Quarto condono edilizio, il vero problema è un altro (e non lo stiamo affrontando)
I vecchi condoni non sono chiusi, gli uffici tecnici sono al collasso e il Testo Unico Edilizia attende una riforma scritta da chi le norme le applica ogni giorno. Il resto è rumore.
Con una quantità non ben identificata di istanze ancora pendenti relative ai primi tre condoni edilizi (1985, 1994 e 2003), tralasciando per un attimo il giudizio di merito – sul quale è fisiologico che ci siano posizioni favorevoli e contrarie – ha davvero senso tornare a parlare di un nuovo condono edilizio? La pubblica amministrazione, già in difficoltà nel chiudere le pratiche arretrate, riuscirà davvero a gestire un ulteriore flusso massiccio di domande? E, soprattutto, qualcuno può seriamente pensare che tutto questo possa aiutare il sistema edilizio italiano?
Nuovo condono edilizio in legge di Bilancio?

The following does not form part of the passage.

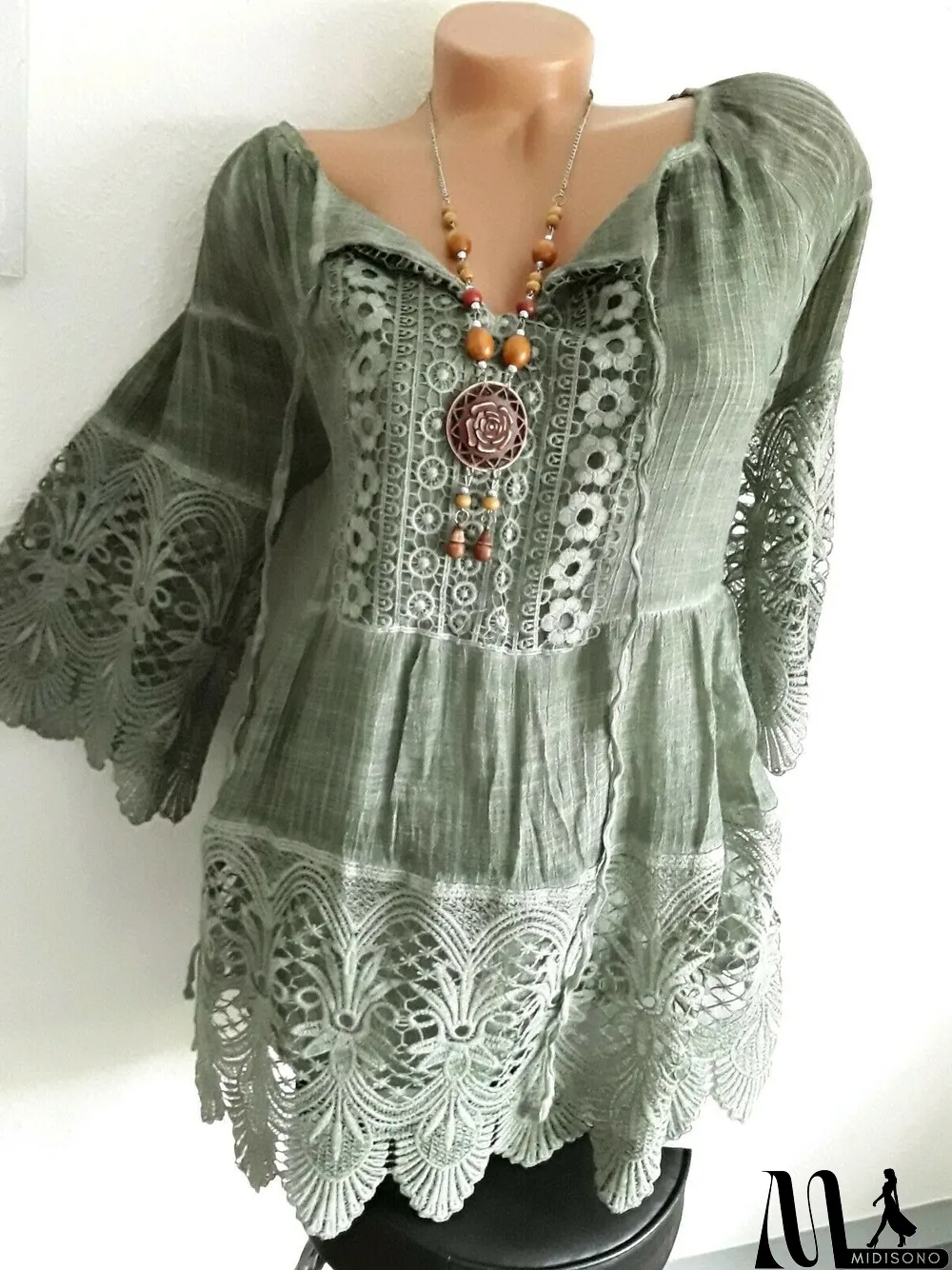 MidiSono - Women's Solid Color Short Sleeve V-neck Tops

Alla vigilia di un disegno di legge che dovrebbe delegare il Governo a riformare il quadro normativo edilizio, si torna a parlare di un nuovo condono edilizio, il quarto dopo le esperienze del 1985, 1994 e 2003. Esperienze che, giurisprudenza alla mano, non possono dirsi affatto concluse in considerazione della quantità di pendenze che spesso incartano privati e pubbliche amministrazioni.
In questo contesto (forse sconosciuto a molti), è arrivata la proposta di emendamento al disegno di legge di Bilancio per il 2026 che ipotizza un “quarto condono edilizio” e riapre, a distanza di oltre vent’anni, l’ultima sanatoria straordinaria modellata del 2003. L’idea è semplice: riproporre, alle stesse condizioni, una nuova finestra per regolarizzare abusi edilizi in presenza di determinati requisiti urbanistici e in assenza di specifici vincoli.
La giustificazione politica è altrettanto nota: sanare situazioni rimaste sospese, soprattutto in quelle realtà territoriali in cui l’applicazione del terzo condono è stata di fatto bloccata o fortemente limitata, producendo migliaia di pratiche ancora pendenti e un contenzioso che non accenna a esaurirsi.
Il punto è che, a vent’anni di distanza, non abbiamo ancora chiuso il capitolo dei tre condoni precedenti e, nonostante questo, si pensa di riaprirne un quarto. Il tutto in un sistema amministrativo che fatica a rispettare i termini di conclusione dei procedimenti fissati dalla stessa legge sul procedimento amministrativo (Legge n. 241/1990), che chiede alla PA efficienza, economicità ed efficacia nell’azione amministrativa.